In early November of 2007, I was bow hunting at my Uncle Horace Allen Spees (HA) farm in Graves County Kentucky. It was a cold evening hunt, and I had been seeing several nice bucks on his farm. I always enjoyed hunting on HA farm because I got to visit with him and see lots of deer. HA was one of three of my mom’s older brother, who had moved to the old Barker family farm in the late 1960’s. All of his nephews and nieces called him “Uncle Horsie”, because he always had and raised horses. I went in and chatted with Uncle Horsie before going hunting on his property, he had about 75 acres in his farm. And then headed off to one of my stands on the edge of a thicket, where I had seen several nice bucks in the last week. The rut was in full swing, and the cooler temperatures had the bucks on their feet in daylight hours.
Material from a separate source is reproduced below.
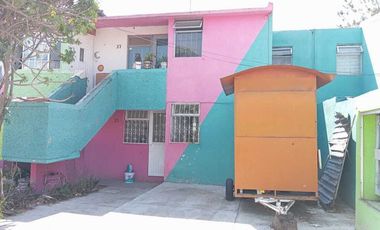 Casa duplex ubicada en Fracc. Rafael Carrillo a un costado del estadio Morelos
I settled into my stand and got myself ready to fling some arrow from my Hoyt bow, I just need the deer to cooperate. After a couple of hours, I finally saw movement in the thicket, but I couldn’t tell if it was buck or doe. Then suddenly a doe came busting out of the thicket with a spike buck hot on her trail, then they disappeared as they headed north. Only a couple of minuets later another deer came out of the thicket on the same trail, he was an eight pointer. He paused briefly at thirty yards and then head north as the other deer had done; he was following the scent trail of the doe. I could not get a shot, but things were heating up. Three or four minuets later a third buck popped out of the thicket and he was on the same trail, he paused a took a few steps in my direction. He was at twenty-five yards standing broadside, when I sunk an arrow into his chest. He bolted and turned south, disappearing into the thicket. I was shaking from the adrenaline rush I had just received, and my heart was about to beat out of my chest, what a buck! I finally calmed down, then a fourth buck came out of the thicket on the same trail, he was the largest of the all. He disappeared in the woods to the north just as the others had done. Wow, four bucks within fifteen minutes. I waited another fifteen minutes, which seemed like an hour. It was starting to get dark when I climbed down and started looking of the deer. I found my arrow and a blood trail, but the blood was beginning to be hard to find and it was dark now. So, I opted to mark my spot and return in the morning, there is always a danger that coyotes could find him first.
It was a long night, with all kinds of thought ran through my head, like was it a good shot or did I just wound him. I was not sure if he was an eight, a nine, or a ten pointer. He only made it fifty yards from where I shot him, and he was a nine pointer and he weighted one hundred forty-three pounds. He was my biggest bow kill to date.